Major US carriers announce principles for unlocking devices - shawndumas
http://www.techhive.com/article/2079405/all-five-major-us-carriers-agree-to-let-you-unlock-your-phone-anytime-you-want.html
======
mikestew
"If you've bought something you should be able to do whatever you want with
it, whether it’s modifying it, or unlocking it. You shouldn't need a massive
corporation's permission."

If you think $200 buys you an iPhone, you're sadly deluded. "$200 with 2 year
contract" means you haven't bought anything, you're still paying the mortgage
with every phone bill. If you want to buy something and "do whatever you want
with it", Apple, Google, and a host of others will sell you an unlocked phone.
And it will cost a bit more than $200 (though the Nexus 5at $349 isn't too far
off).

On the other hand, if you're fed up with your carrier and would like to
switch, you're free to do so. I just did it with AT&T. Walked into a T-Mobile
store, asked them to transfer our numbers.
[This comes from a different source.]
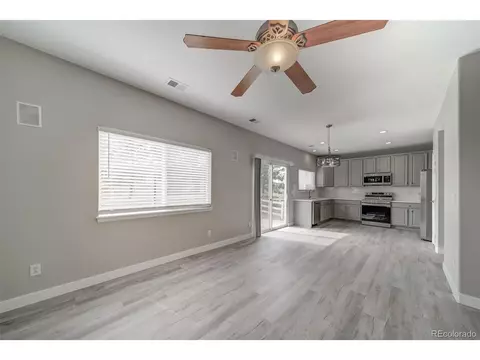 15268 E Cedar Pl, Aurora, CO 80012 photo 9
The next day I called AT&T and
asked, "how much do I owe for the ETF?" I paid the $225/phone (that's how fed
up with AT&T I was) over the phone with AT&T. Wait a few days for their
accounting system to catch up, go to the web page and enter the IMEI for both
phones, and two days later the phones are unlocked. Slapped the T-Mobile SIMs
into the iPhones and we were on the air.

I just don't get the sentiment of "unlock my free-with-contract phone two
months into my contract, you bastards!" It's not your phone. Now, if Verizon,
Sprint, or $YOUR_CARRIER don't as readily unlock your phone as AT&T after you
pay the ETF or your contract is up, I'll stand with you in your complaint.
Otherwise, I don't see the issue.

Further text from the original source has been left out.